COVID-19 is not going away and we'll need to live alongside it, like we do with other viruses.
The majority of people are now fully vaccinated. As immunity levels are high, testing and isolation will play a less important role in preventing serious illness.
Changes to COVID-19 testing
For the majority of the general public, you will no longer need to test for COVID-19 regularly.
There are some exceptions to this based on your place of work, or if you fall into a 'clinical extremely vulnerable' category based on your medical history.
Visit Living with COVID-19 for more about who can continue to access free tests.
For the rest of the population, from 1 April 2022, the government is no longer providing free universal testing in England. This applies to both lateral flow and PCR tests.
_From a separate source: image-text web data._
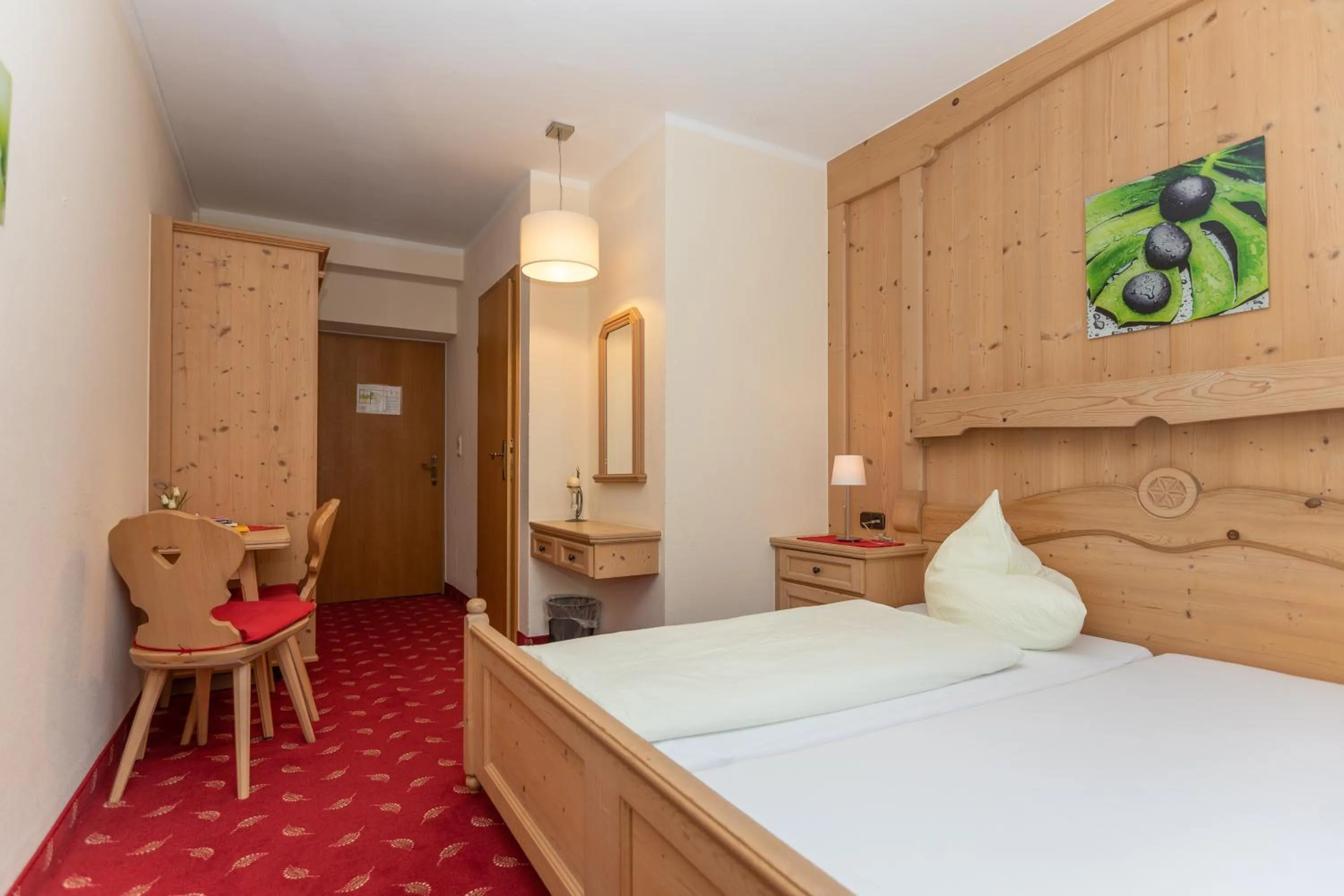 Bed in Hotel Garni Elisabeth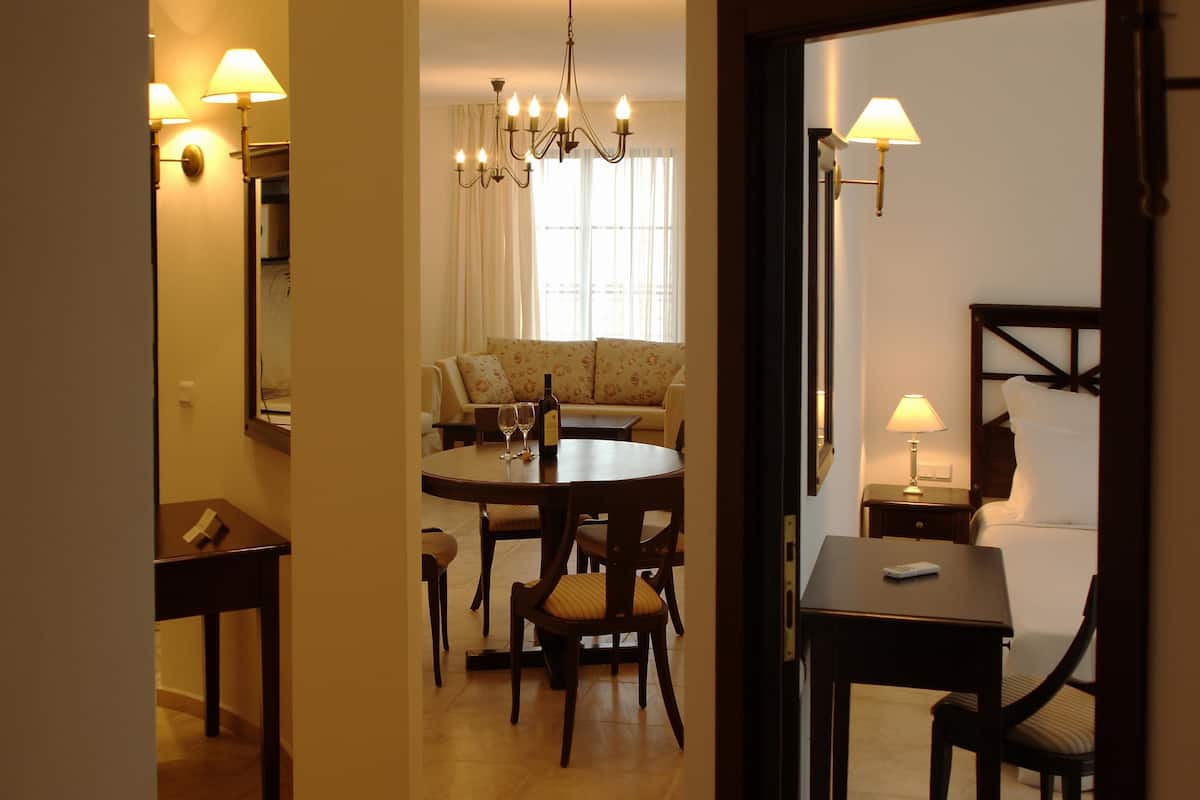 A hotel room with a dining area, a sofa, and a bed.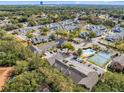 Aerial view of community with pool, tennis court, and townhouses at 549 Sun Ridge Pl # 104, Altamonte Springs, FL 32714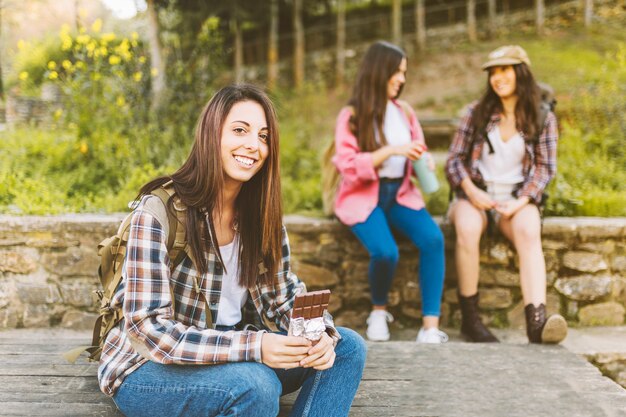 Smiling woman with chocolate near friends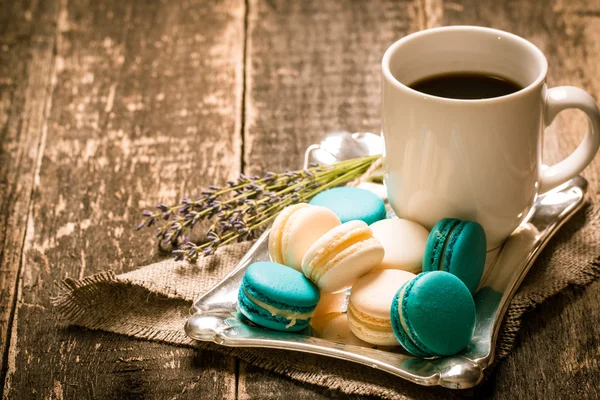 fresh macaroons and tea cup on wooden table .Vintage filter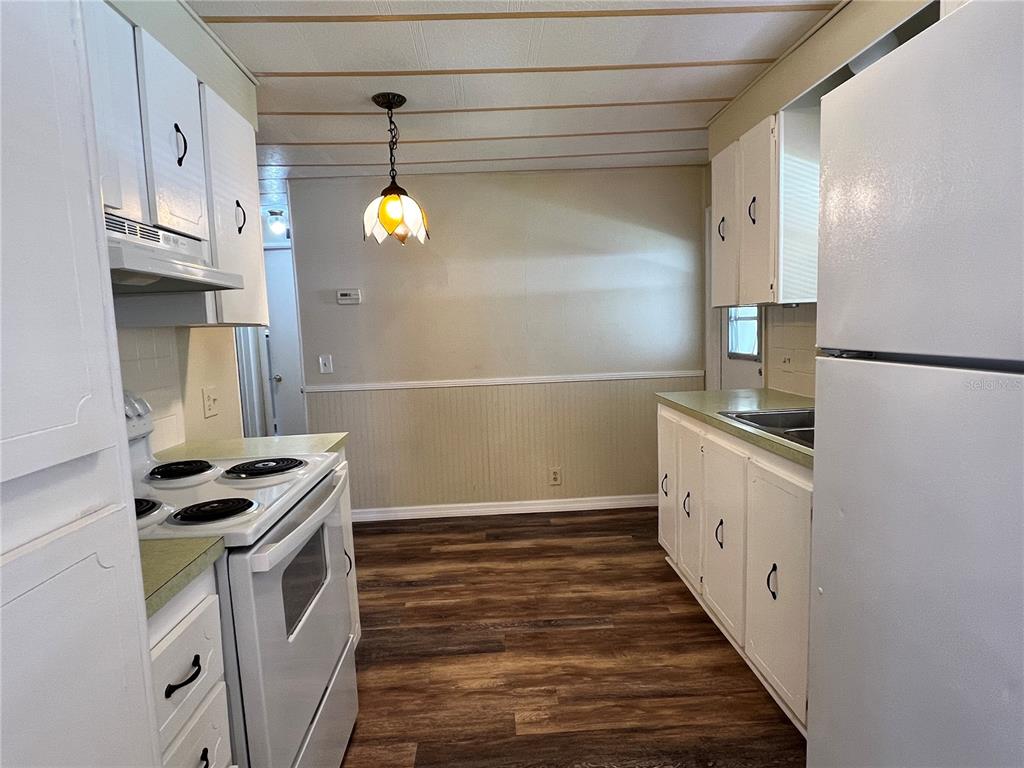 A kitchen features white cabinets, a white stove, a refrigerator, and wood-look flooring — 36 MAGNOLIA COURT UNIT 4, SAFETY HARBOR, FL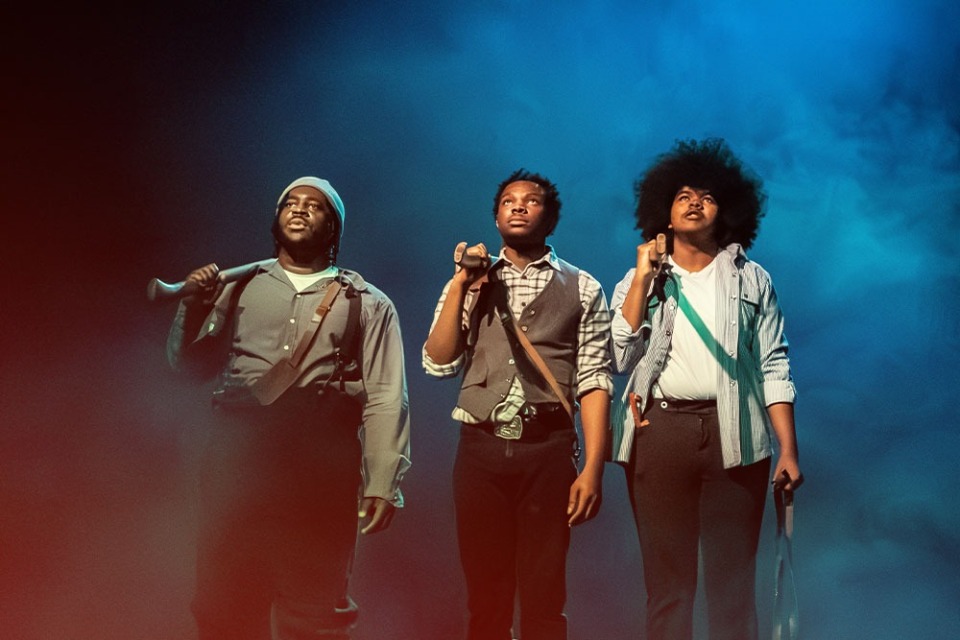 two female students in costume performing on stage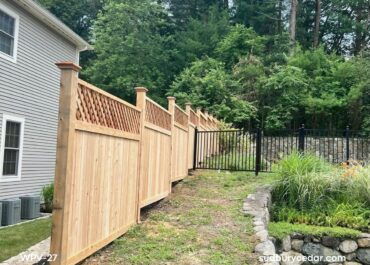Cedar privacy fence following slope with lattice top and transition to metal fence in Wayland, MA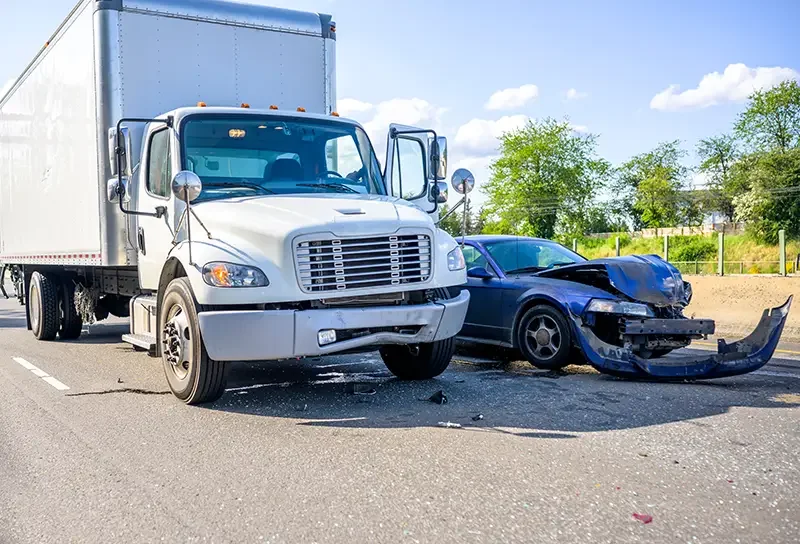 A large white truck involved in an accident with a severely damaged blue car, its front bumper detached.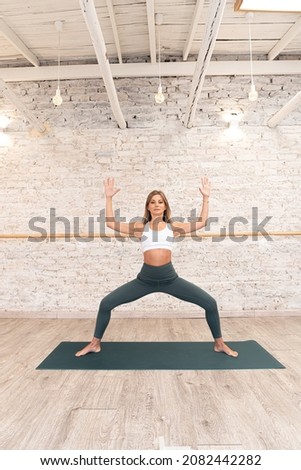beautiful woman doing goddess yoga pose, wearing sportswear, green pants, white top, indoor full length, yoga studio. High quality photo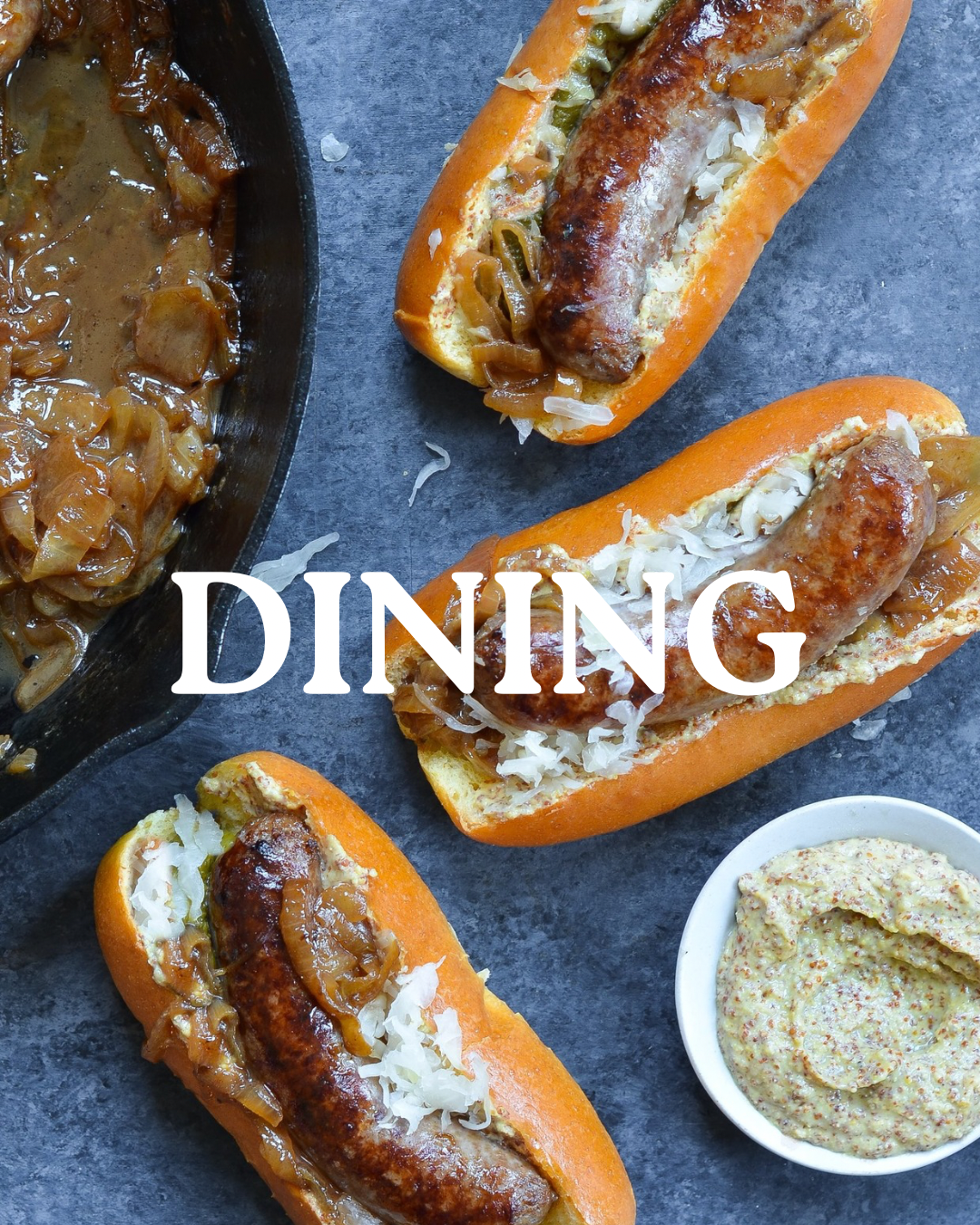 Ariel view of bratwursts with sauerkraut and mustard.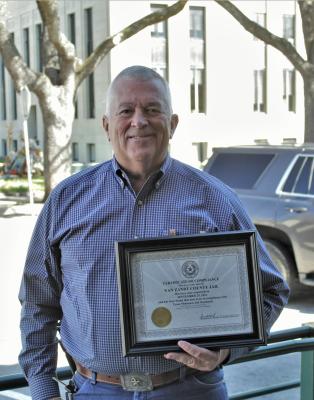 Van Zandt County Sheriff Joe Carter holds the ‘Certificate of Compliance’ recently awarded to the VZC Jail by the Texas Commission on Jail Standards. VZC Judge Don Kirkpatrick announced the accomplishment during the regular meeting of the VZC Commissioners Court Oct. 26. Photo by Ethan Adams
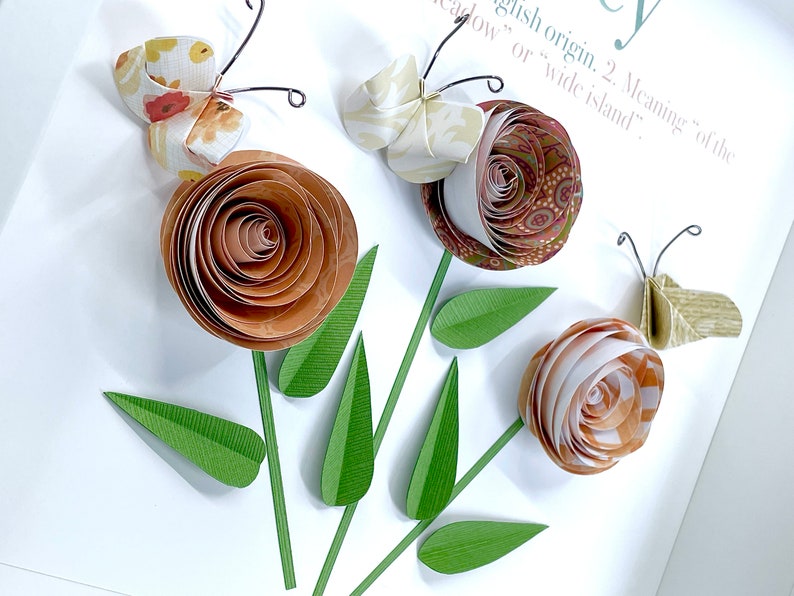 Pode incluir: Uma arte de papel com tr&ecirc;s flores de papel marrom e branco com folhas de papel verde e tr&ecirc;s borboletas com padr&otilde;es florais. As borboletas s&atilde;o feitas de papel e t&ecirc;m antenas de arame.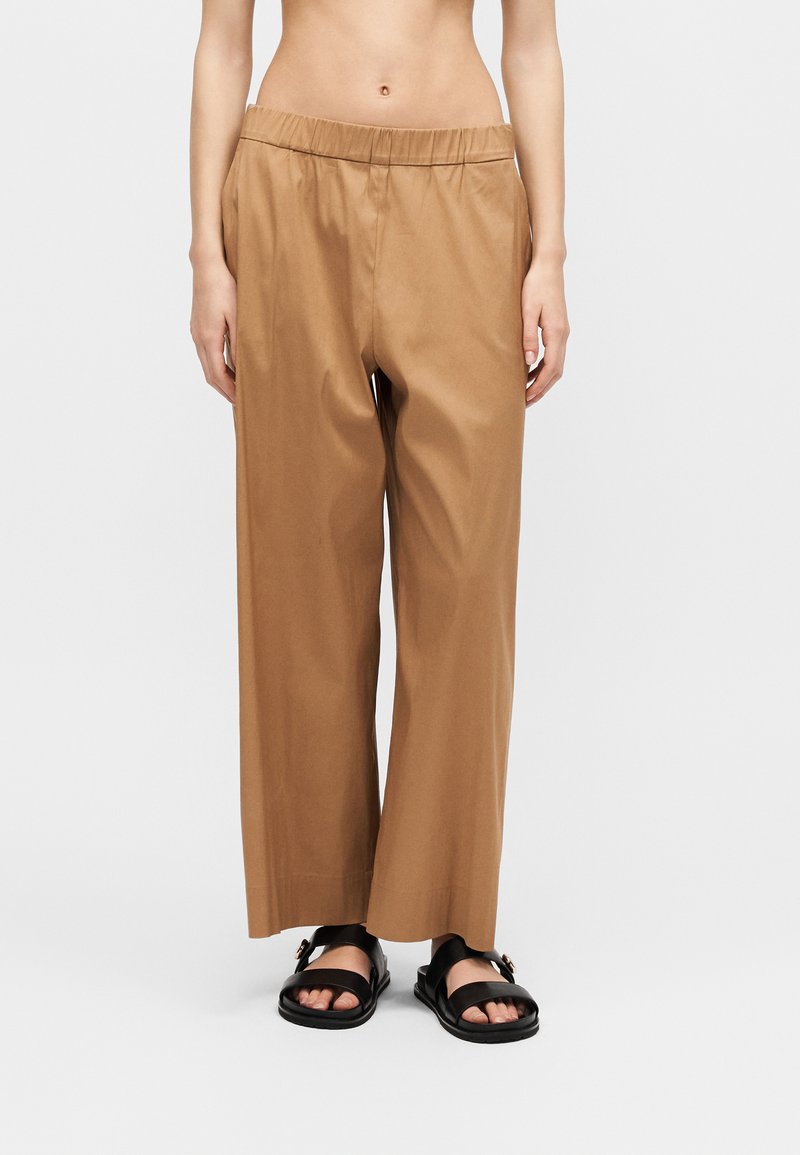 Λεπτή μέση που φοράει φαρδιά παντελόνια με ψηλή μέση σε καμηλό χρώμα με ελαστική μέση και μαύρα σανδάλια ανοιχτών δαχτύλων σε λευκό φόντο.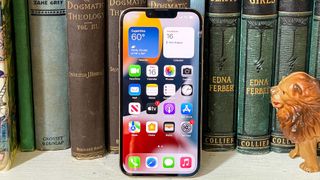 kitaplara yaslanmış iphone 13 pro ekranı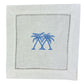 The Coastal Cocktail Napkin Set by Pink House Mustique features white linen napkins with two blue embroidered palm trees at the center and a decorative hemstitch border.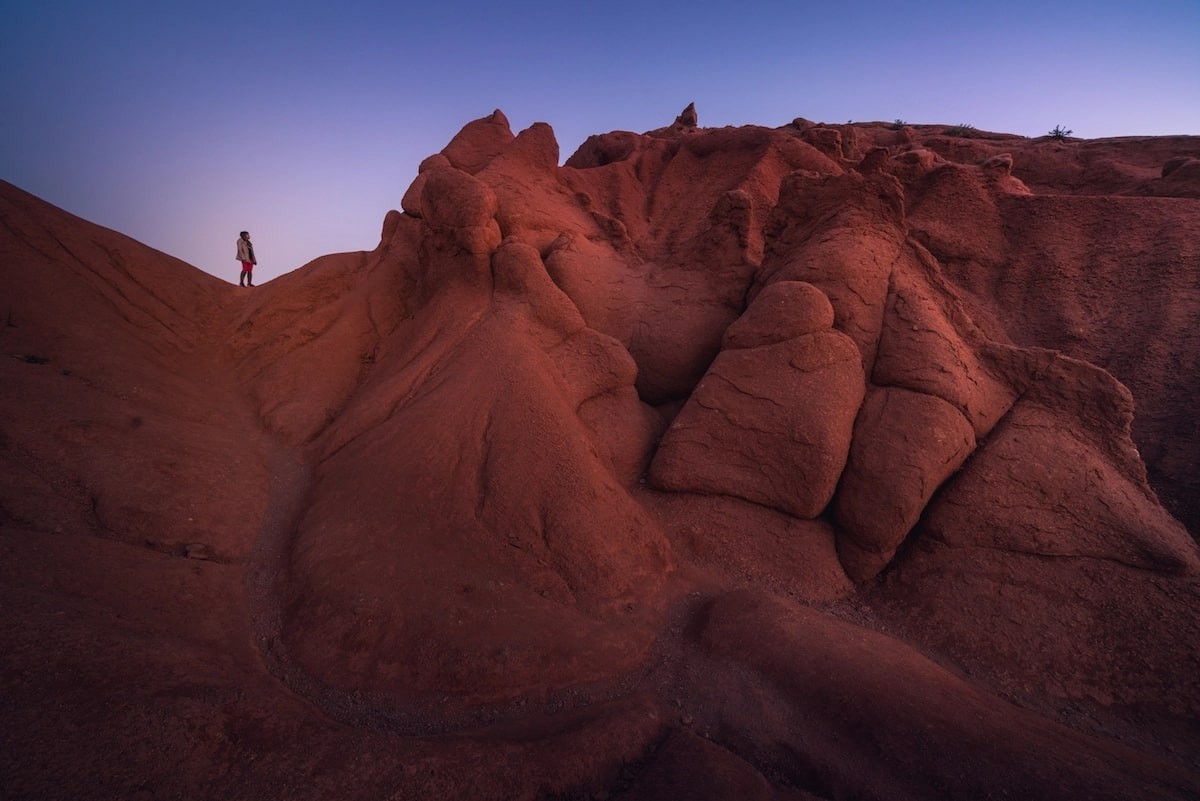 Twilight before the sun comes up. Standing at one of the crazy canyons in Kyrgyzstan that look like they’re coming straight from the moon. Photo: Albert Dros Twilight before the sun comes up. Standing at one of the crazy canyons in Kyrgyzstan that look like they’re coming straight from the moon. Photo: Albert Dros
For lateral flow tests, online ordering through GOV.UK and collection from pharmacies or other community hubs will no longer be available.
All PCR testing sites in Hertfordshire have now closed.
Reducing the risk of catching COVID-19
Individuals can still reduce the risk of catching and passing on COVID by:
- getting vaccinated
- letting fresh air in if meeting indoors, or meeting outside
- wearing a face covering in crowded and enclosed spaces, especially where you come into contact with people you don't usually meet
- washing your hands and following advice to ‘Catch it, Bin it, Kill it’.
If you start to feel unwell with COVID symptoms, stay at home until you feel better, like you would if you had another illness such as a heavy cold or flu.
Whilst you're not required to legally self-isolate, good practice means you should stay at home and minimise risks of passing a virus onto anyone around you, particularly vulnerable people.